Он не кричал. Он просто встал в дверях, загородив вход своим телом. За его спиной, словно из земли выросла толпа — его прихожане. Они стояли молча, плечом к плечу, и в этом молчании было больше силы, чем в любом крике.

Оперуполномоченный ГПУ — молодой парень в кожанке, глазами до боли напоминавший конвоира Николая, — нервно сжимал рукоять нагана.

— Уйди, старик! — сорвавшимся голосом кричал он, наступая на священника. — Не доводи до греха... не доводи до крови! Уйди добром, всё равно снимем!

Отец Иоанн посмотрел на него, и опер невольно осекся — столько тихой правды было в этом взгляде.

— Кровь человеческая, сынок, не вода, — негромко произнес священник. — Она не в землю уходит, она к небу вопиет. А храм этот... ты пойми, он ведь не мой. Он Божий. Как же я Бога из Его собственного дома выгоню?

Опер сплюнул, выругался, но приказал рабочим слезть. В тот день они отступили.

Его увозили ночью. Тихо, без шума, чтобы не бунтовать народ. В кабинете ГПУ, при свете единственной лампы, ему предложили сделку. Тот же опер, только теперь усталый и хмурый, положил перед ним лист бумаги.

— Отрекись, Иван Сергеевич. Напиши в газету, мол, дурил народ, Бога нет. И иди на все четыре стороны. Дочка в Москве, жизнь молодая... Зачем тебе эти камни? Сними рясу, стань человеком.

Отец Иоанн посмотрел на бумагу, потом на оперуполномоченного и просто улыбнулся — светло и печально.

— Рясу-то снять можно, мил человек. Ткань она и есть ткань. Но крещение... крещение из души ведь не вымоешь. Как я от себя самого отрекусь?

Оперуполномоченный Туманов — тот самый, в чьих глазах Николай позже будет видеть отражение своей собственной неприкаянности, — с силой грохнул кулаком по столу. Стеклянный графин на подносе испуганно звякнул.

— Не юродствуй, Покровский! — выкрикнул он, подаваясь вперед. От него пахло дешевым табаком и бессонницей. — Какое крещение? Какая душа? Мы полмира в пыль стерли, царей с престолов скинули, а ты мне про «душу» поешь? Ты пойми: завтра твой храм пустят под зернохранилище, а тебя — в расход. Никто и не вспомнит, где твоя могилка. Напиши две строчки! Скажи, что религия это — дурман, что дурил ты мозги неграмотному мужику ради звонкой копейки. Мы тебя в город перевезем, в школу учителем пристроим. Дочку, из черных списков вычеркнем. Она ведь молодая, ей жить охота, а не на отца-попа оглядываться!

Отец Иоанн отвел взгляд от лампы и посмотрел на Туманова.

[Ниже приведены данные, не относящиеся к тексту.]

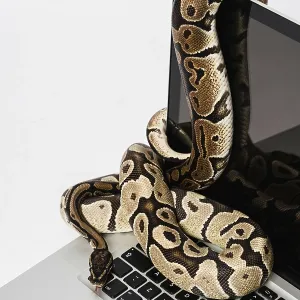 Python Imágenes relacionadas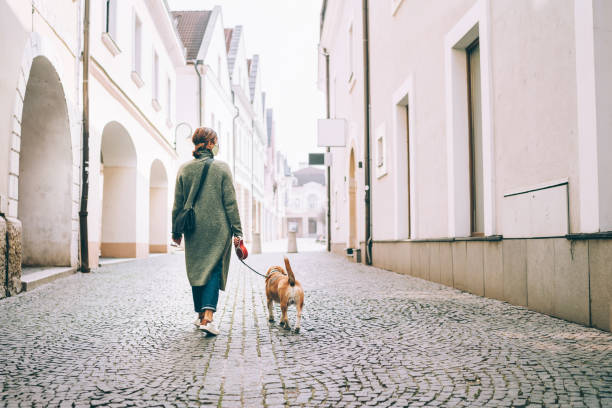 istock Young female fancy-dressed using a face mask as a coronavirus spreading prevention walking with her beagle dog on deserted old European squares and streets. Global COVID-19 pandemic concept image. 1215559211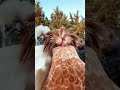viral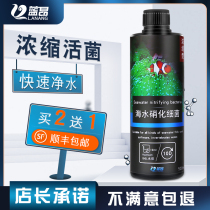 Blue Ang Nitrifying Bacteria Fish Tank Culture of Fresh Water Digestive Bacteria Seawater Nitrifying Bacteria High Concentration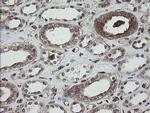 ERp57 Antibody in Immunohistochemistry (Paraffin) (IHC (P))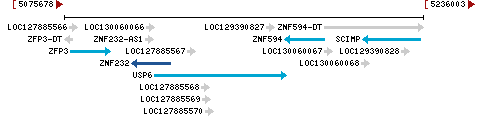 Genomic Context describing neighboring genes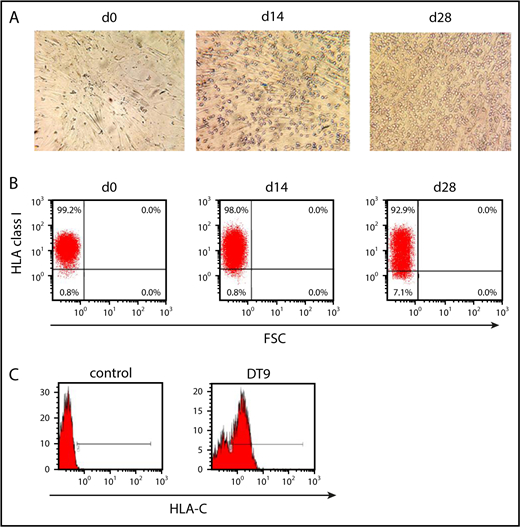 Figure 3. Expression of HLA class I on the cell surface of MSCs during in vitro NK cell development. (A) Representative micrographs (original magnification ×100)depicting the morphology of MSCs during NK cell differentiation from day 0 to day 28. MSCs keep their typical extended shape and are found in close contact with developing NK cells. (B) HLA class I expression on the surface of MSCs at the start and after 2 and 4 weeks of culture using the pan–HLA class I antibody W6/32. Gating was performed on the basis of a control staining with secondary antibody only. (C) Expression of HLA-C on MSCs at day 14 using isotype control (left panel) and FITC-conjugated HLA-C–specific monoclonal antibody DT9 (right panel).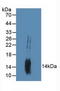 Growth Arrest And DNA Damage Inducible Beta antibody, LS-C315023, Lifespan Biosciences, Western Blot image 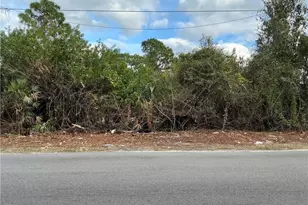 52 Gene Ave S, Lehigh Acres, FL 33976 - Photo 1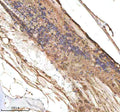 Anti-Zebrafish CXCL8A Antibody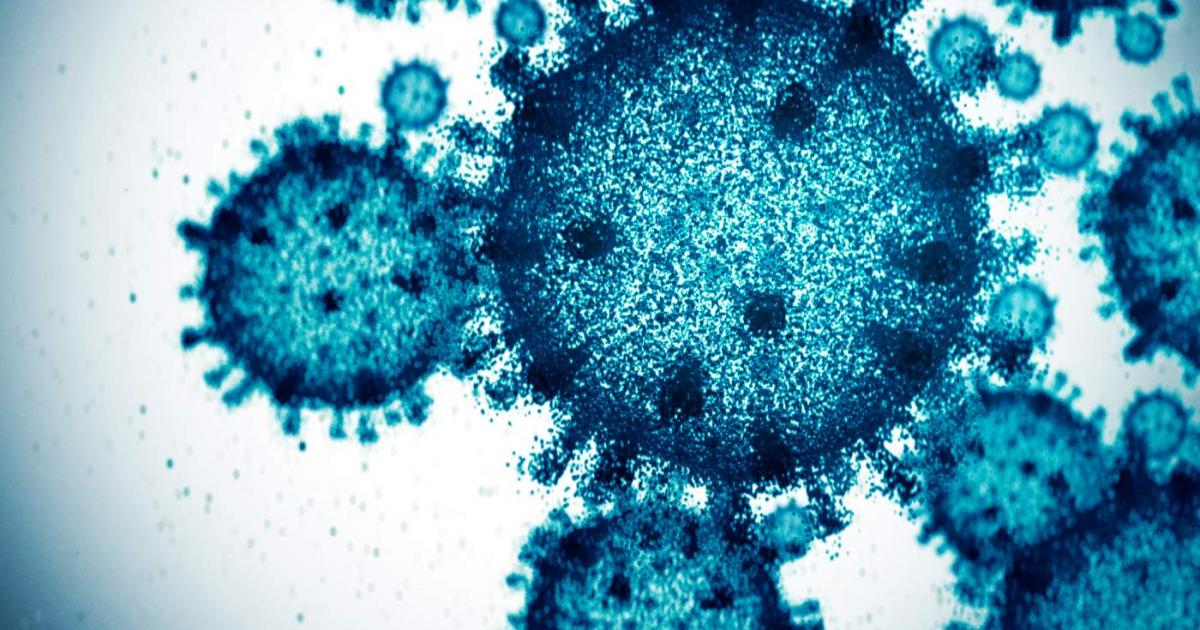 Una bacteria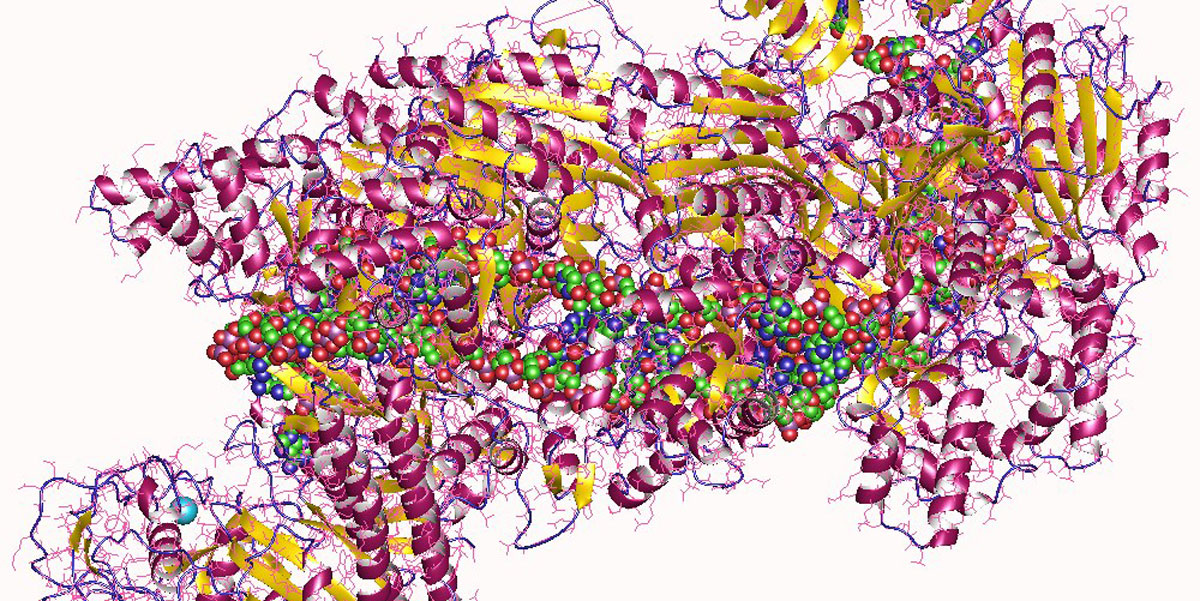 4qyz CRISPR protein EColi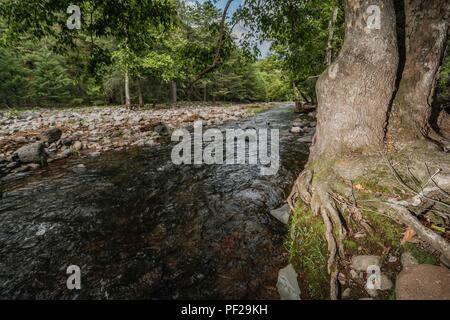 Arroyo gavilan. Stream hawk. raiz de arbol, tree root. Expedición scoperta Madrense de GreaterGood ORG que recaba datos que sirven como información de referencia para entender mejor las Relaciones biológicas del Archipiélago Madrense y se usan para proteger y conservar las tierras vírgenes de las Islas Serranas Sonorenses. Expedición binacional aye une un colaboradores de México y Estados Unidos con experiencias y especialidades de las Ciencias biológicas variadas, con la intención de aprender lo más posible sobre Mesa de Tres Ríos, La porción más norteña de la Sierra Madre Occidental. Foto Stock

В кабинете ГПУ пахло казенным страхом, но за окном, в синих сумерках, еще теплилась жизнь.

— Дочка... — тихо повторил священник, и на мгновение в его глазах отразилась такая невыносимая боль, что опер невольно отвел взгляд. — Машенька... Она ведь потому и отреклась, что я для неё — живое напоминание о правде. Если я сейчас бумагу твою подпишу, я её не спасу. Я её сиротой сделаю. Потому как отец, который Бога продал, он и детям своим больше не отец. Пустая оболочка.

Он пододвинул лист обратно к оперуполномоченному. Пальцы священника были спокойны.

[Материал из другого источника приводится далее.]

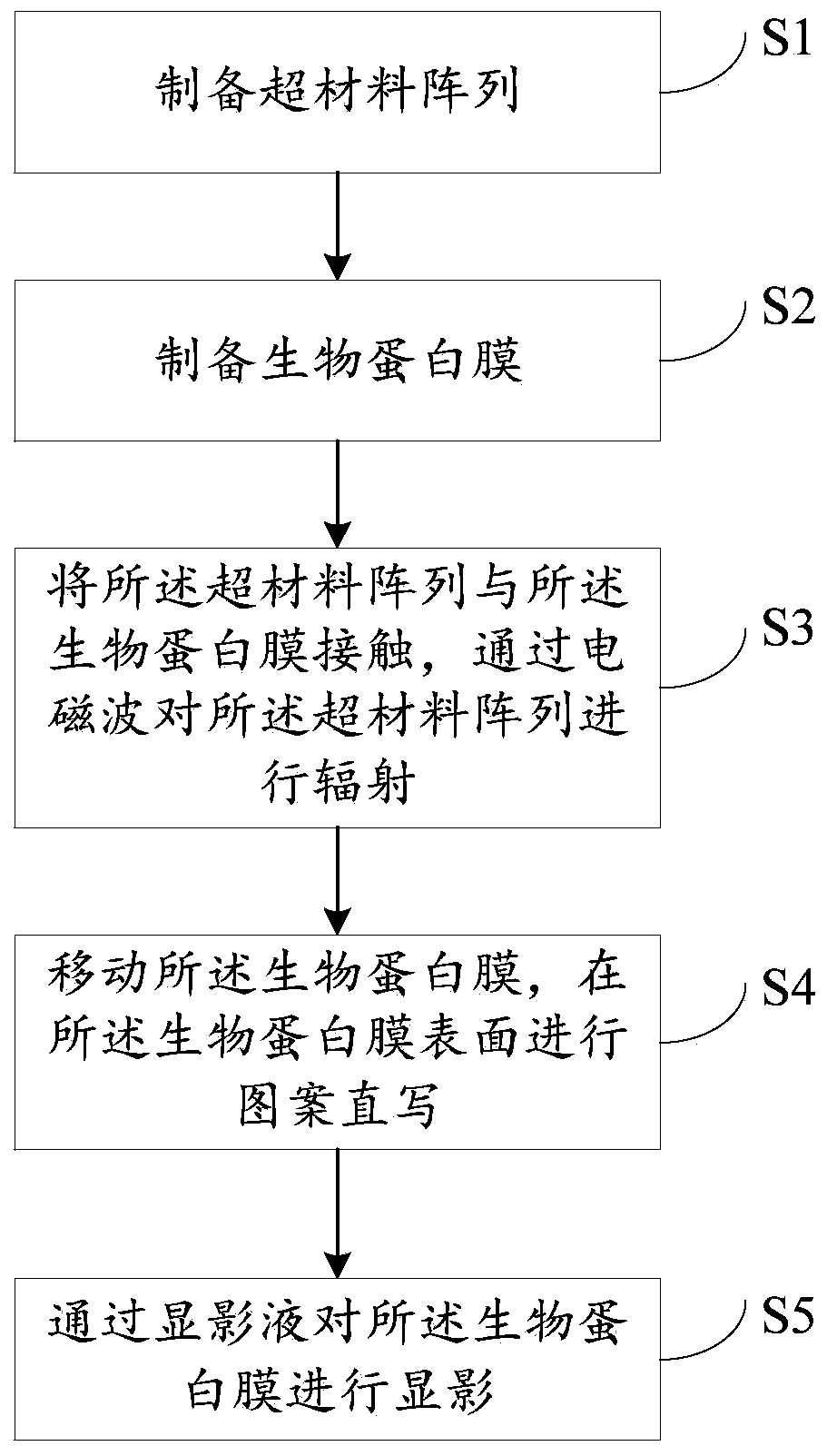 Surface patterning manufacturing method of biological protein film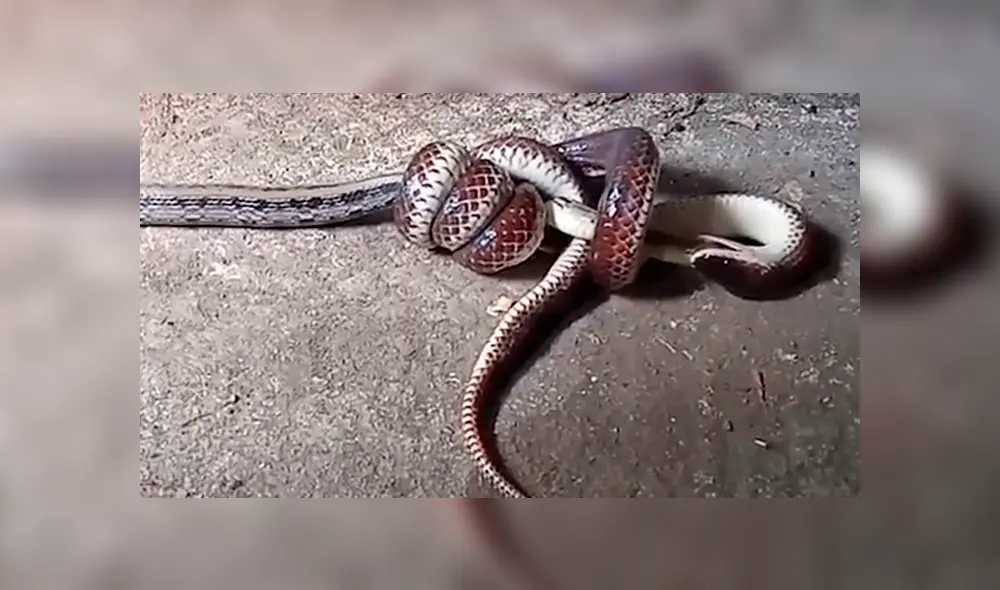 Un video viral de YouTube registró el momento en que una descomunal serpiente devoró a otra.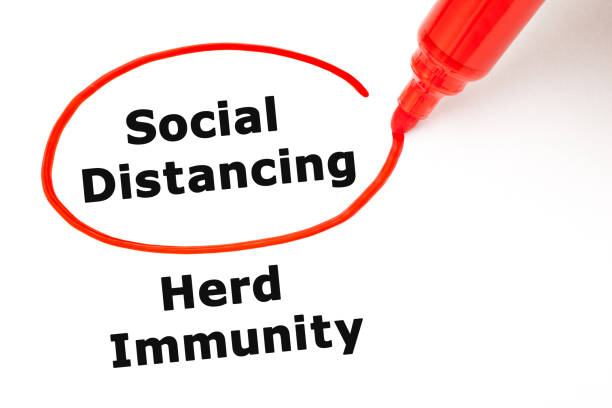 Choosing Social Distancing Over Herd Immunity Concept Choosing the Social Distancing vs Herd Immunity measures in pandemic situation. Concept about the Coronavirus Covid-19 outbreak. herd immunity photos stock pictures, royalty-free photos & images
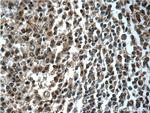 TERF2IP Antibody in Immunohistochemistry (Paraffin) (IHC (P))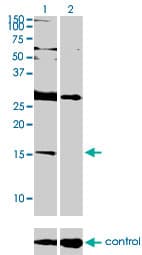 ID2 Antibody (clone 3C3)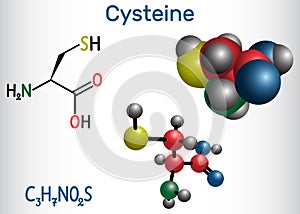 Cysteine L-cysteine, Cys, C proteinogenic amino acid molecule. Structural chemical formula and molecule model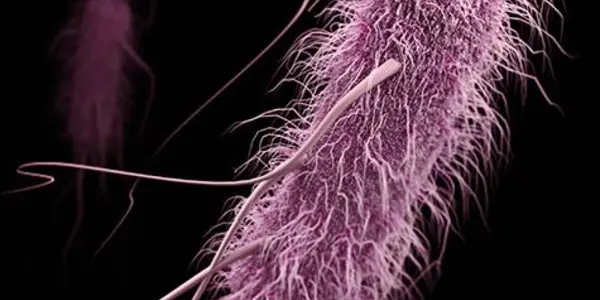 Common Respiratory Infection Bacteria On Verge Of Becoming Superbugs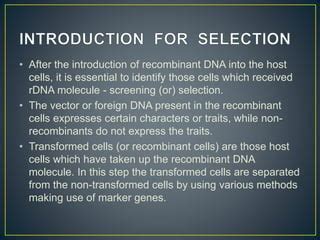 Selection Screening Of Recombinant Cells Expression Of Recombinant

— Ты вот говоришь: «стань человеком». А я ведь только-только им становиться начал, когда Христа в сердце впустил. Без Него я — просто кусок глины, прах земной. А с Ним — человек. Рясу-то вы с меня хоть сейчас снимайте, хоть в рванье переодевайте — душа-то под ней всё та же. На ней печать Господня, а её ни маузером не соскрести, ни пером не зачеркнуть. Как же мне от себя самого бежать? Где я спрячусь, мил человек, когда сам от себя откажусь?

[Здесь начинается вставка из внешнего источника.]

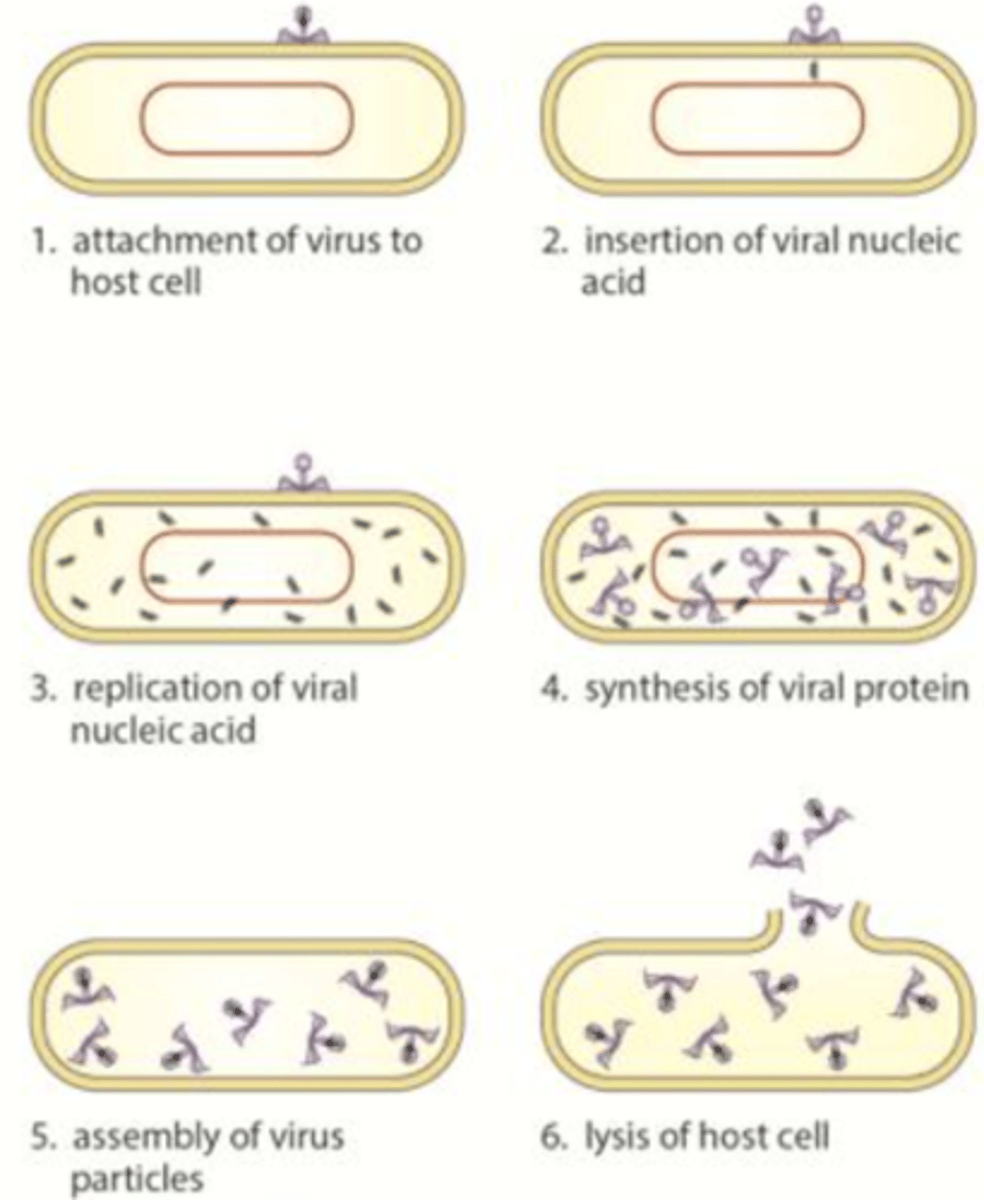 <p>-Take over cell metabolism</p><p>- Viral genetic material gets into host cell &amp; is inserted into host DNA</p><p>-Virus uses host cell to make new viruses</p><p>- Eventually burst out of cell, destroying it &amp; spread to infect other cells</p>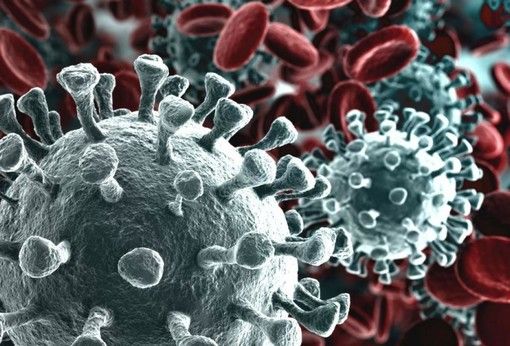 Continua la corsa del Coronavirus in Piemonte: 4 i decessi e quasi 500 nuovi positivi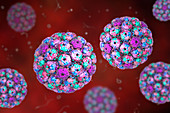 Polyoma BK virus, illustration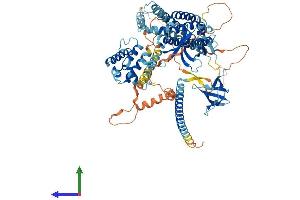Protein Structure (PS) image for rho Guanine Nucleotide Exchange Factor (GEF) 6 (ARHGEF6) (AA 1-776) protein (His tag) (ABIN7552237)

Туманов вскочил, яростно сминая чистую бумагу.

— Ну и сгнивай на Островах! Там тебе чайки проповеди читать будут! Уведите его!

В вагоне (настоящее время)

Поезд завыл, замедляя ход. Скрежет железа о железо заставил всех в «коробке» втянуть головы в плечи. Николай, стоявший у дверей, будто слышал каждое слово этого внутреннего монолога отца Иоанна — тот словно и не скрывал своих мыслей, они витали в воздухе вместе с паром от дыхания.

Васька Крест, сидевший на нарах, вдруг подал голос. На этот раз в нем не было привычного глума, только тяжелое, мрачное любопытство.